The bar we kept returning to was Junk Cafe, on Chulia Street. As its name suggests, there’s a whole load of junk nailed to the walls in a very arty fashion, from Hindu gods to animals and engine parts, it’s decor is mesmerising.
With its open air windows, Rockafellas was hard not to miss, nor hear with jazz floating out and a bustle of people dancing. This kitchen and bar is a classy haunt, so we didn’t see any fellow travellers or back-packers. But we were greeted with a warm welcome and encouraged to join in and dance. The saxophonist particularly caught my eye.
A hive of back packers and a much younger crowd, Coffee, Tea or Me is a tiny bar-cum-club blasting out hip hop and serving a range of strong cocktails. There were surprisingly a lot of local men dancing and a funky arrangement of mirrors hanging on the walls.

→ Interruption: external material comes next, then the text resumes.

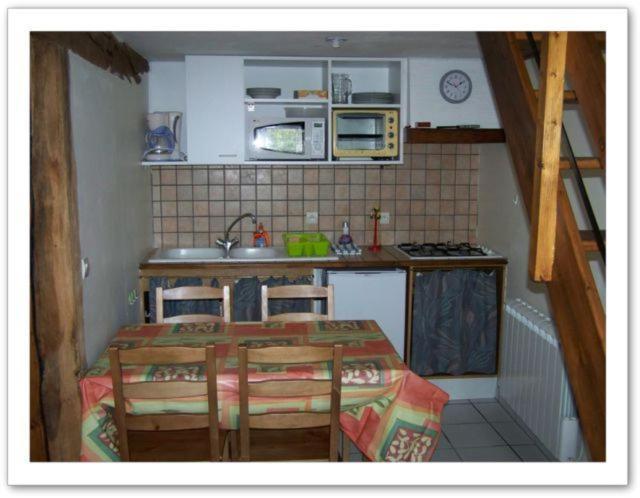 Ker-Loen Bed and Breakfast Val-Couesnon Δωμάτιο φωτογραφία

As I was only in town for four days, I didn’t manage to leave the city and see some of the other memorable sights of Penang. Many of my friends suggested I go to Kek Lok Si, the largest Buddhist temple in Malaysia in Air Itam, near Penang Hill, The hilltop also plays host to a large statue of Kuan Yin, the Goddess of Mercy, as well as more gardens and temples.
Also on the hill is Curtis Crest @ The Habitat Penang Hill, a walkway high above Penang Hill, with spectacular views of the forest. There’s a chance to see wildlife in their natural habitat, take the nature trail and do the canopy walk.
For a bit of history, the colonial Fort Cornwallis is a star fort in George Town and the largest standing fort in Malaysia. It was first built by Captain Francis Light in timber then later built by the British East India Company in the late 18th Century.
Harking back to the 19th Century is the Kapitan Keling Mosque, located on situated on the corner of Buckingham Street and Pitt Street in George Town. As the Islamic historic centre, it is part of the city’s Tamil Muslim neighbourhood, the chulias.
All in all, Penang has a rich historical and social scene which I will definitely be visiting again.